__WHAT YOU SHOULD DO__:
Exact copy, no pictures: return all the records as they stand.

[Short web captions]
────────────────────────────────────────

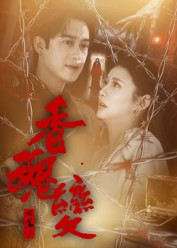 香魂变（39集）短剧更新抢先看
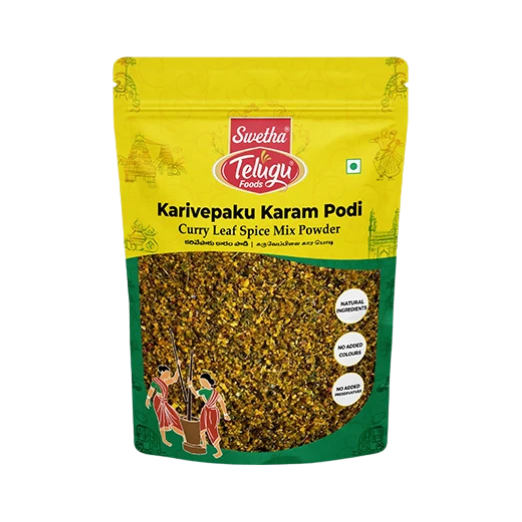 Telugu Karivepaku Karam Podi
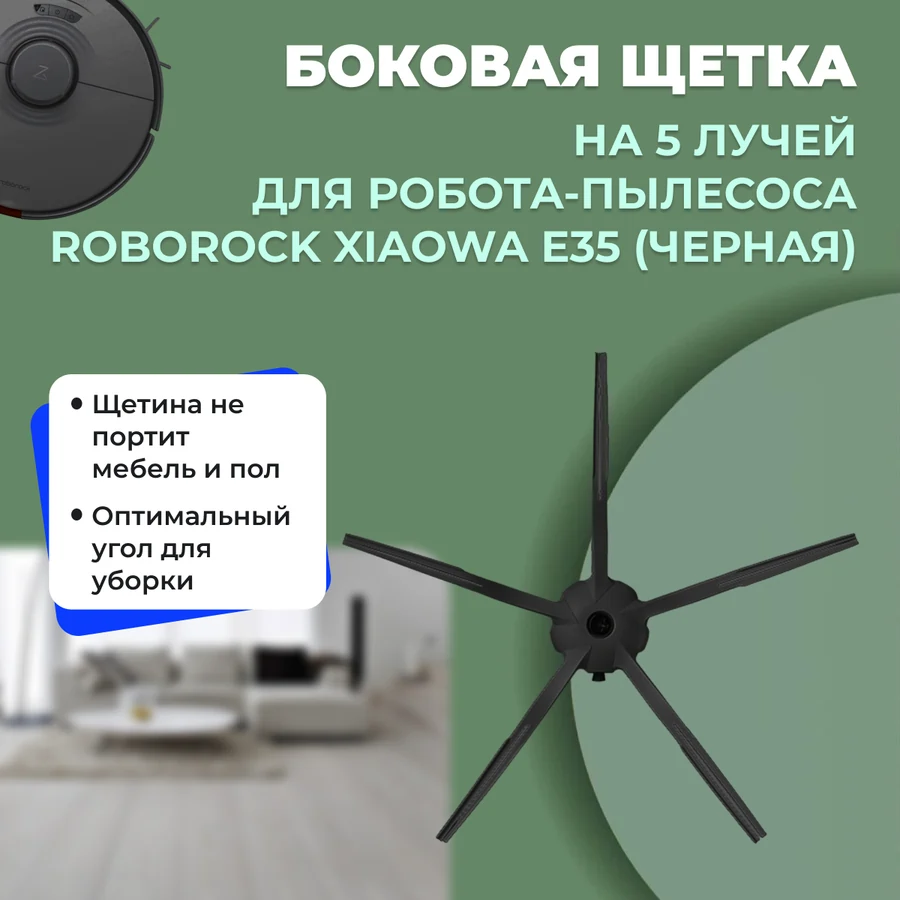 Боковая щетка на 5 лучей для робота-пылесоса Roborock Xiaowa E35, черная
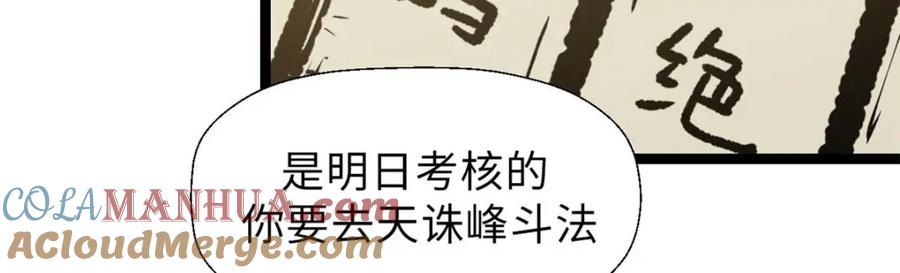 顶级气运，悄悄修炼千年 19 第29页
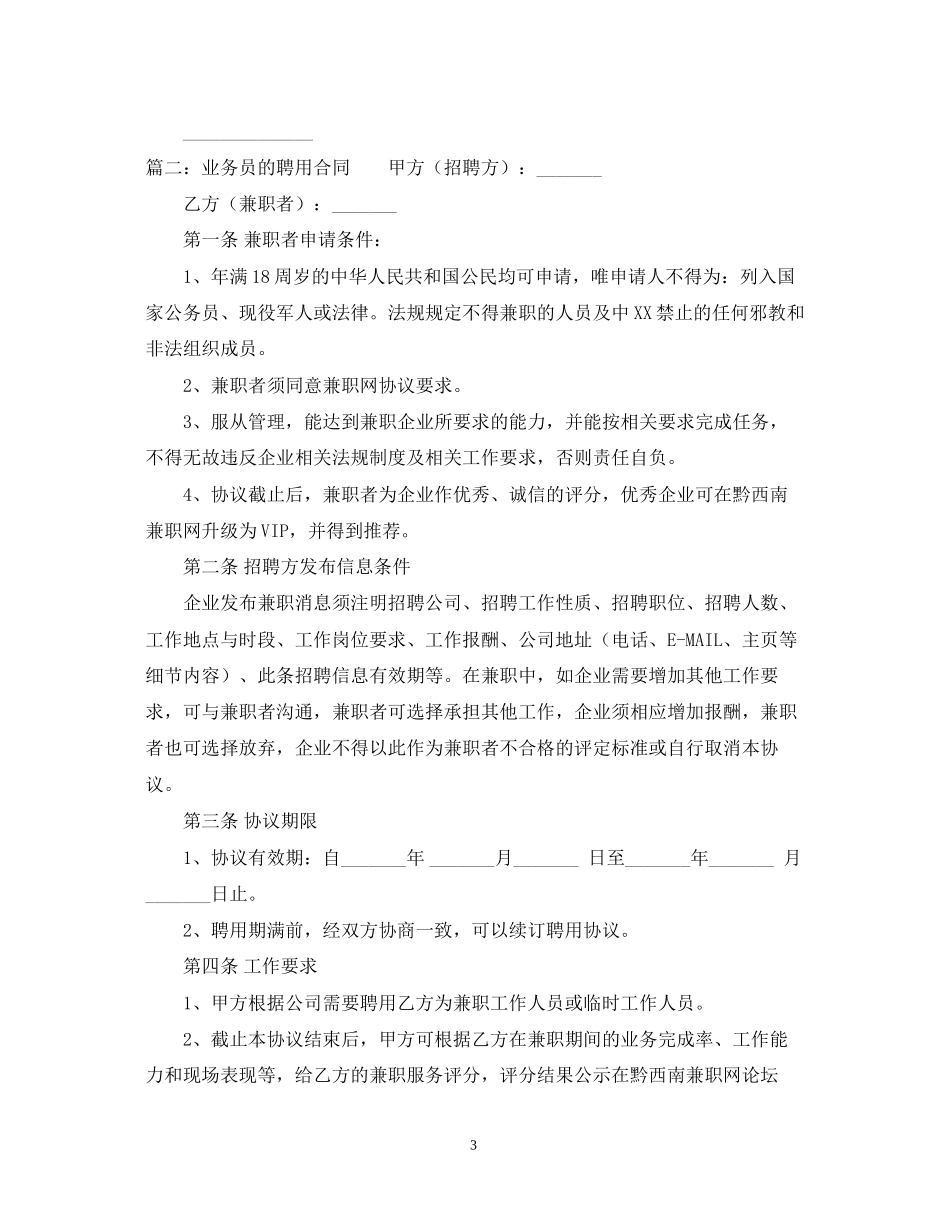 业务员的聘用合同模板_第3页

────────────────────────────────────────

__RESULT OF THIS TASK__:
 香魂变（39集）短剧更新抢先看
 Telugu Karivepaku Karam Podi
 Боковая щетка на 5 лучей для робота-пылесоса Roborock Xiaowa E35, черная
 顶级气运，悄悄修炼千年 19 第29页
 业务员的聘用合同模板_第3页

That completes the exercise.